Yep I understand that Karen, my kids only went to non denominational junior and grammar school in UK. Them and my husband all non believers also, never been a problem for me, although my neighbour used to take them to Sunday School with her at a Baptist Church - it gave me Sunday morning off! One of my daughters-in-law (also raised as a Catholic) sent their 3 kids to Catholic primary school, Her wish, perhaps it had a better overall educational reputation but Only 1 grandchild passed 11+ and went on to Grammar School. Dont forget though that religious education (in UK anyway, don’t know about here) is not just about whether we believe in God or not, it’s also about ethics moral values and lessons to be learnt, so many examples in The Parables. I never was taught anything similar in other than a religious community. Which is why I tried to live my life according to the Ten Commandments and to put others before myself!
I’m not including you or anyone else here, but we see so many examples on UK news or documentaries where that doesn’t happen so much. The news always seems to be about the wrongdoers, rarely about the good kids, whether religious or not. Sorry I e gone really off topic now, and wish you both well with your sons new school and education.

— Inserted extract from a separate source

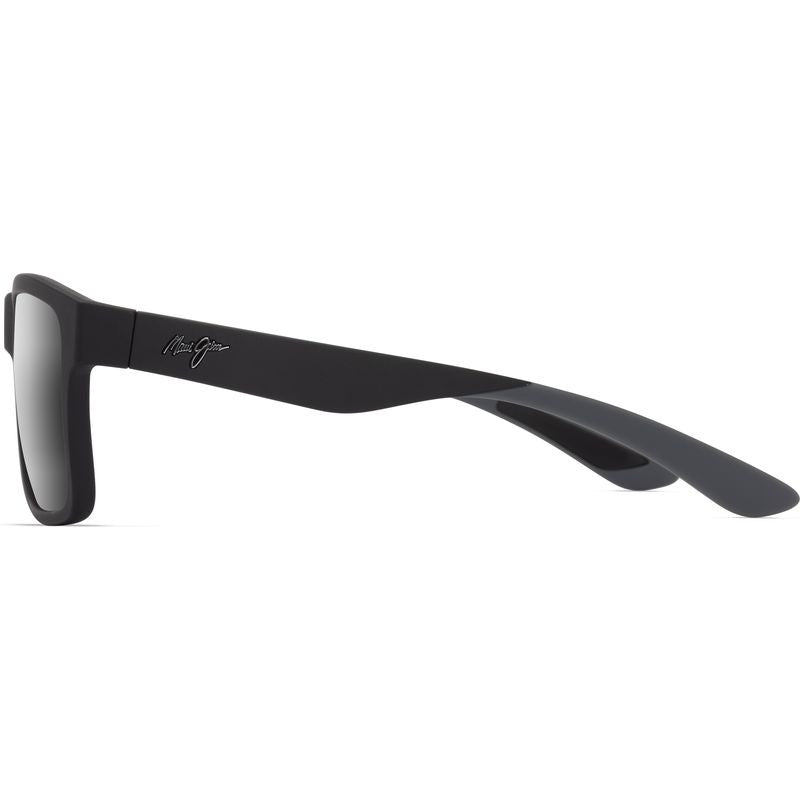 The Flats, Matte Black and Grey/Neutral Grey Glass Polarised Lenses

I Hope you and your your son find a good school and your son gets on with the help of the new programme. I also watched the video link. Very information if not totally comprehensible in French for me.


(Shirley Morgan) #14

:slight_smile:


(Karen Dempsey) #15

And I think in all honesty even if we could get in, the answer would be no, as a non believer I would not be comfortable sending my kids to a religious school of any denomination.


(Karen Dempsey) #16

I think part of the entry requirement (as it is in Catholic schools in the UK) would be that you are actually a Catholic tho, even if not practicing. My kids have never even stepped foot in a church for anything other than the odd wedding, certainly not taken Holy Communion, been christened etc. I don't think we'd even get past the first post.


(Shirley Morgan) #17

Karen, France is a Catholic country,just like England’s main denomination is Church of England. All the churches here in various parts I’ve lived, are also Catholic, doesn’t mean everyone is a practising Catholic though. I guess that might also apply in Schools, if RI is a subject, it may well cover other religious denominations as well or just stay with Catholicism. Would it be a problem for you if your son attended a ‘Catholic’ school, as long as his other essential subjects are well taught and understood. I went to 4 Catholic and 3 non denomination schools in Scotland and England. No wonder I missed out on a lot going to that many! With hindsight I think I would have benefitted more from being at one or two schools only, closer to home and having the opportunity to make some lifetime friends, important as well I think!


(Karen Dempsey) #18

Thank you Marie Clare for this link. It has lead me to some excellent software. Although he is not dyslexic as such, he certainly shares some characteristics. The software at its base uses Onenote but with so much more. Looking at the video on you tube, I was crying with relief watching it. https://www.youtube.com/watch?v=NsLP7Zx94SQ I can't wait till he comes home so that I can show him !! For anyone with kids having difficulty with note taking, writing, the huge amount of paper/books/ etc I can imagine this would be a life saver.


(Karen Dempsey) #19

Thanks I've contacted Headway.


(Karen Dempsey) #20

They all seem to be Catholic ?? There are a few near ish to us but we are not Catholic.